Prove there is a subgroup with every order of $m$ that divides $|G|$.
I thought to prove that $G$ is Abelian and then it exists.
Here $p^n$ is a cyclic $p$-Sylow group so its Abelian.
My problem is to prove that $2$-Sylow group is Abelian.
On
All factors of $8p^n$ are of the form $2^kp^m$, $0 \leq k \leq 3$, $0 \leq m \leq n$. As known, a group of order $p^n$ has subgroup of order $p^m$, $0 \leq m \leq n$. So that handles the factors of form $2^k$, and $p^m$. Now, let $n_p$ denote the number Sylow-$p$ subgroups. Then, $n_p \mid 8$ and $n_p \equiv 1 \pmod{p}$. Since $p>7$, $p>8$. Thus, $n_p=1$, making it a normal subgroup. Since a cyclic group contains a unique subgroup of order dividing the order of the cyclic group, the subgroup of order $p^m$, $0 \leq m \leq n$ is unique in $G$, the original group, making it a normal subgroup as well.

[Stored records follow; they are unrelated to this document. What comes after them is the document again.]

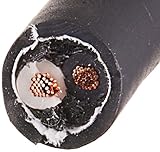 Southwire 55055903 Flexcord 14 / 2 SJEOOW配線105 Cスプール、250 '、ブラック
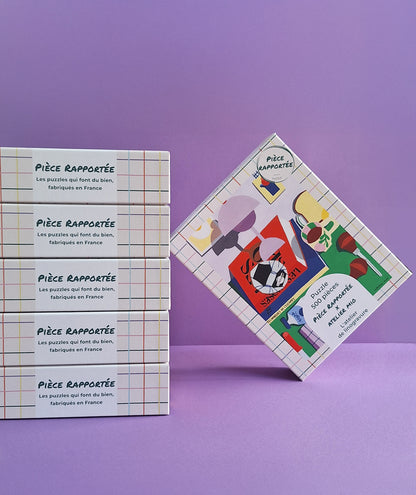 Puzzle 500 Pièces - L'atelier de linogravure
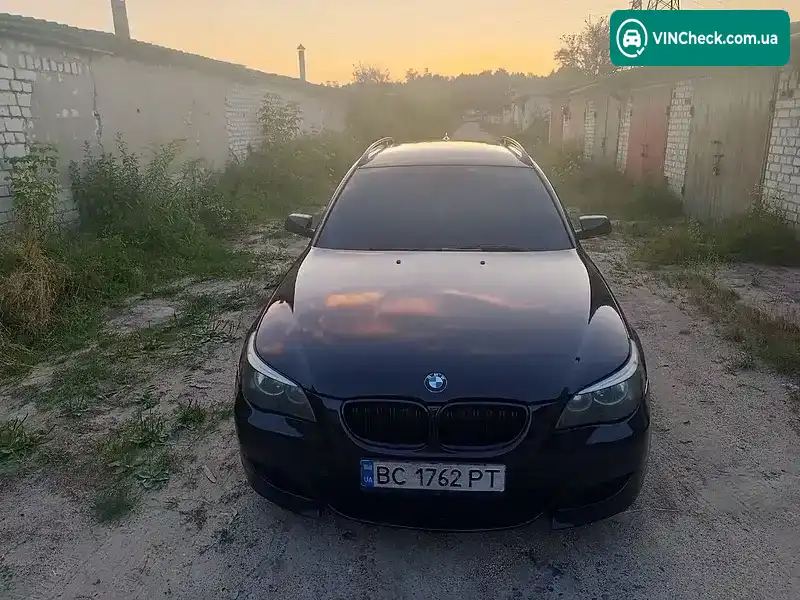 BMW 5 Series 2005, фото з оголошення 2 з 14, VIN WBANJ51090B432568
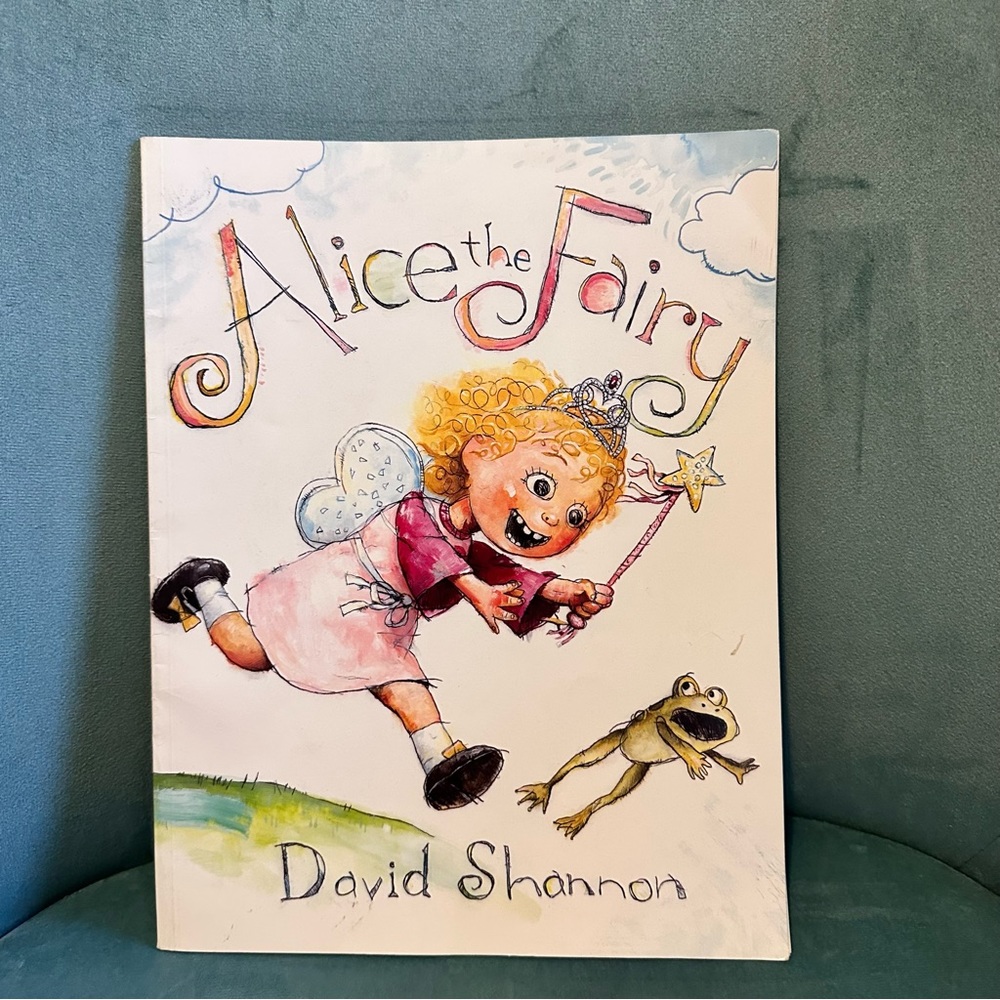 Alice the Fairy Children’s Book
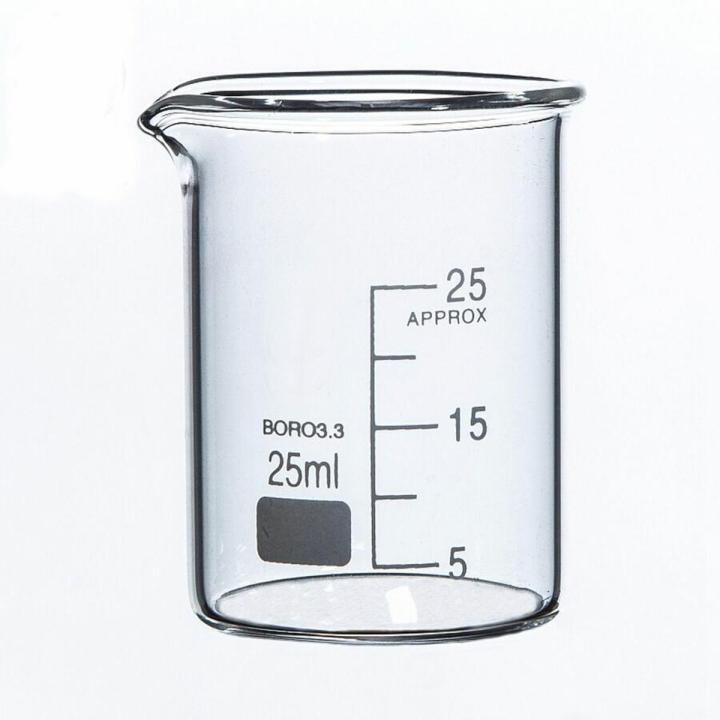 Glass Beaker 25ML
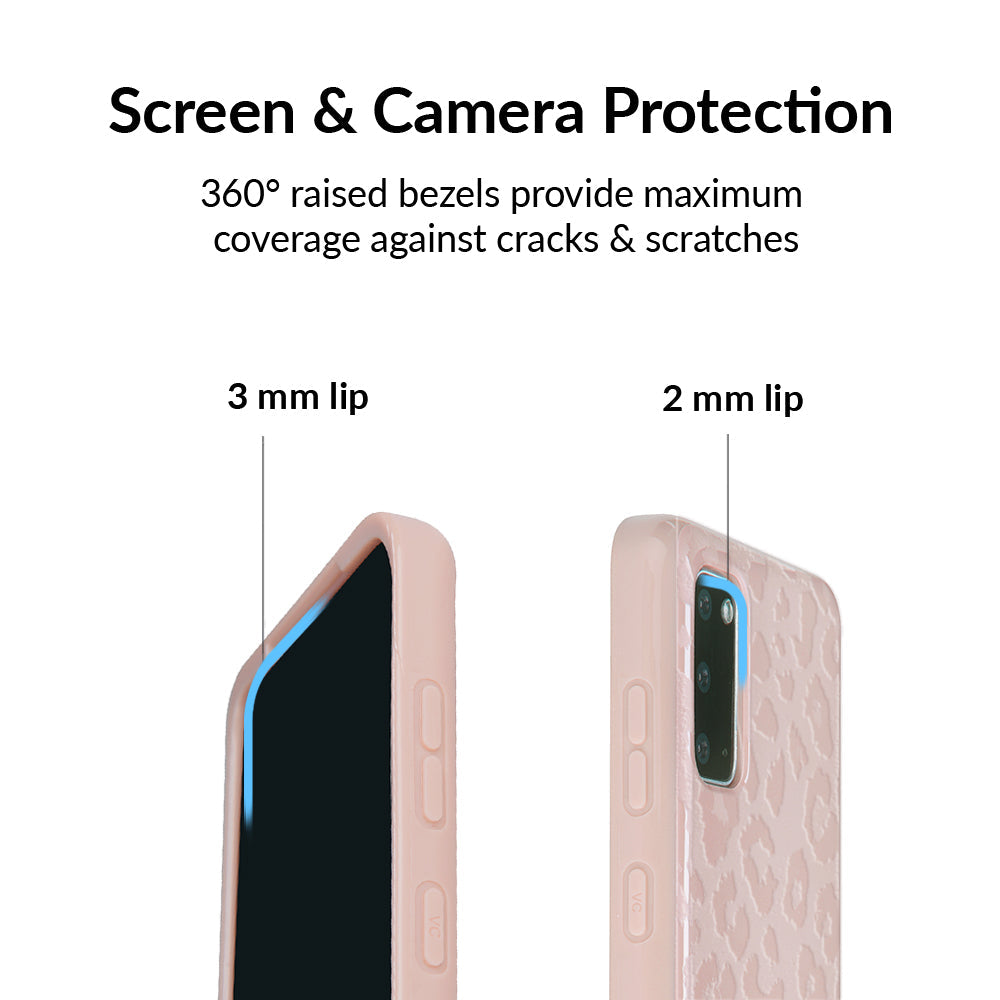 Nude Leopard Samsung Case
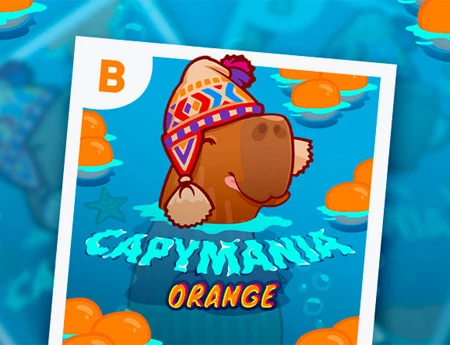 Capymania Orange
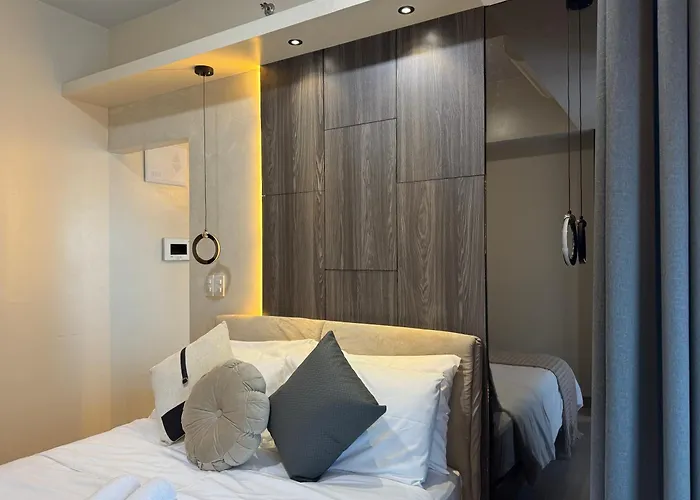 Aparthotel Landscape View And Sea View 1br Near Airport Manila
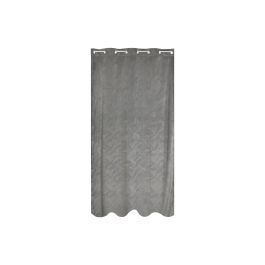 Cortina Urban DKD Home Decor Gris Claro 260 x 140 cm (2 Unidades)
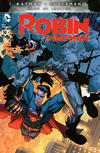 Cover Thumbnail for Robin: Son of Batman (2015 series) #10 [Batman v Superman Full Color Cover]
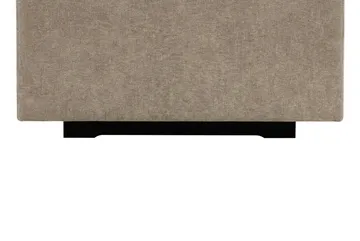 Valencia ekstra dyb 3-personers sofa i chenille - Brun - Møbler - Sofaer - 3 personers sofa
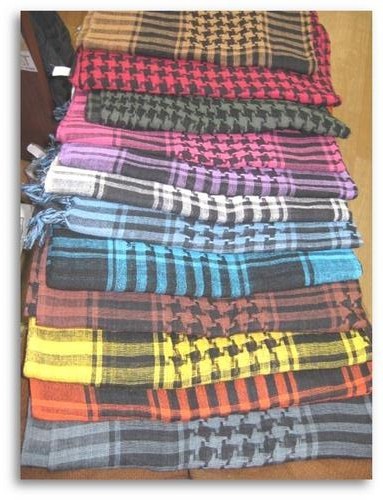 Aqua Arafat Shemagh Scarf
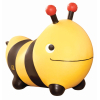 Попрыгун Battat Баттатопрыгун Пчела-ла-ла с насосом Черный с желтым (BX1455Z) изображение 2
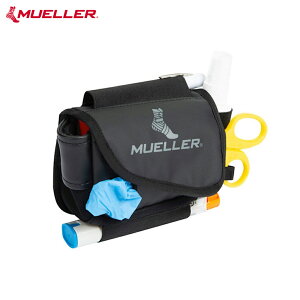 【公式】MERET PPE プロパック ブラック MUELLER ミューラー トレーナーズバッグ メディカルバッグ ウエストバッグ ボディバッグ スポーツ 13005 送料無料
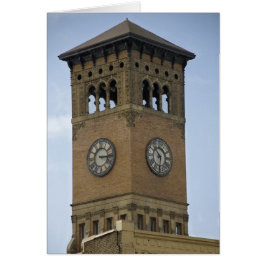 Tarjeta en blanco al ayuntamiento de Tacoma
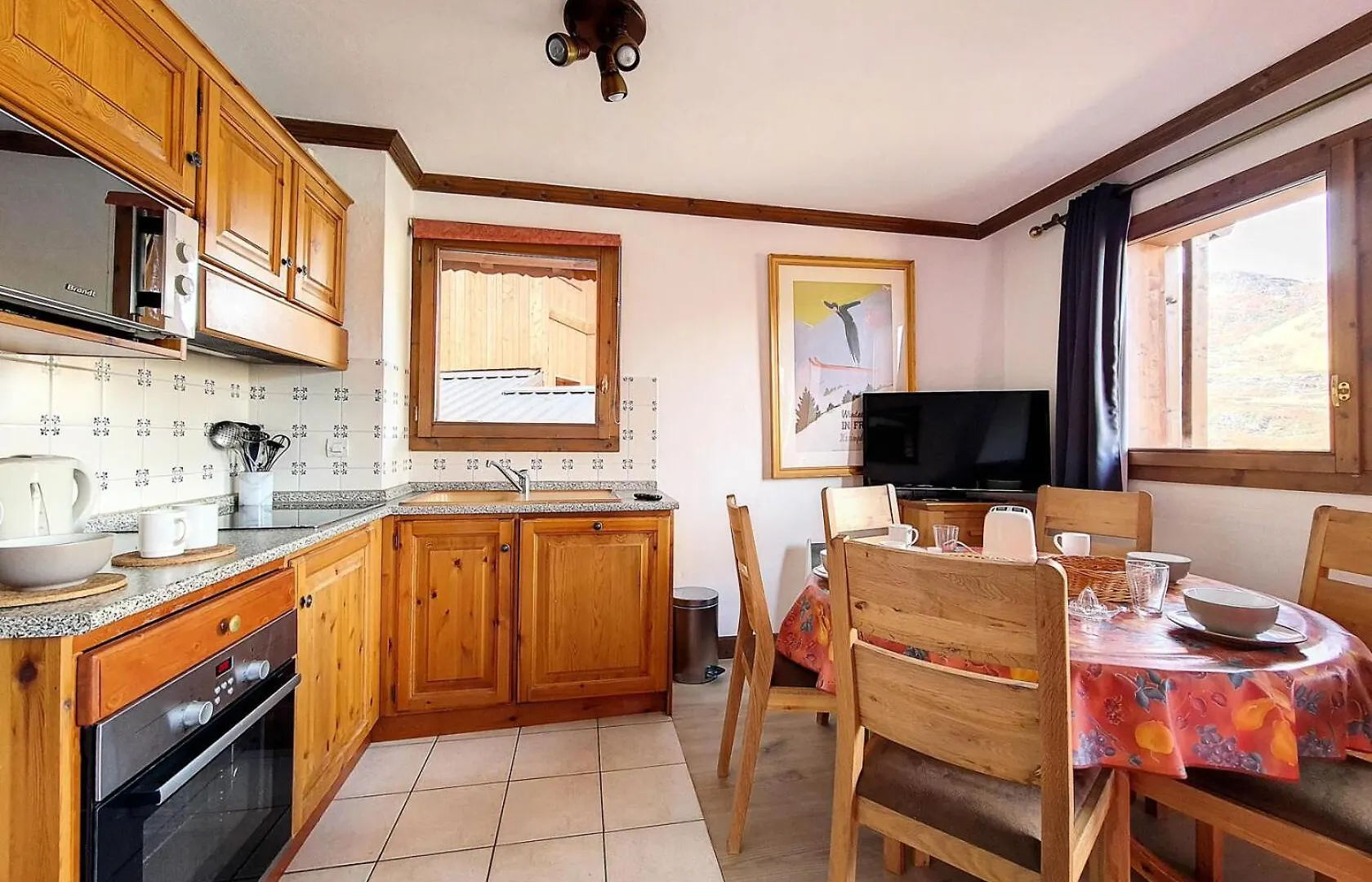 Apartment Residence Sapiniere - Appartement Spacieux - Depart Ski Aux Pieds - Terrasse Mae-0574 Saint-Martin-de-Belleville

Let $P_m \leq G$ denote the subgroup of order $p^m$. So, $P_mH \leq G$ if $H \leq G$ because $P_m \triangleleft G$. To obtain a subgroup of order $2^kp^m$, let $H \leq G$ such that $|H|=2^k$ and $P_m \leq G$ such that $|P_m|=p^m$. Then $P_mH \leq G$ such that $|P_mH|=2^kp^m$ because $P_m \cap H \leq P_m, H$ so, $|P_m \cap H|=1 \implies |P_mH|=\frac{|P_m||H|}{|P_m \cap H|}=2^kp^m$.
Hint: prove that the Sylow $p$-subgroup is normal and use the fact that a cyclic group $P$ has exactly one subgroup for each order dividing $|P|$. And, of course every group of order $8$ has subgroups of order $1,2,4$ and $8$.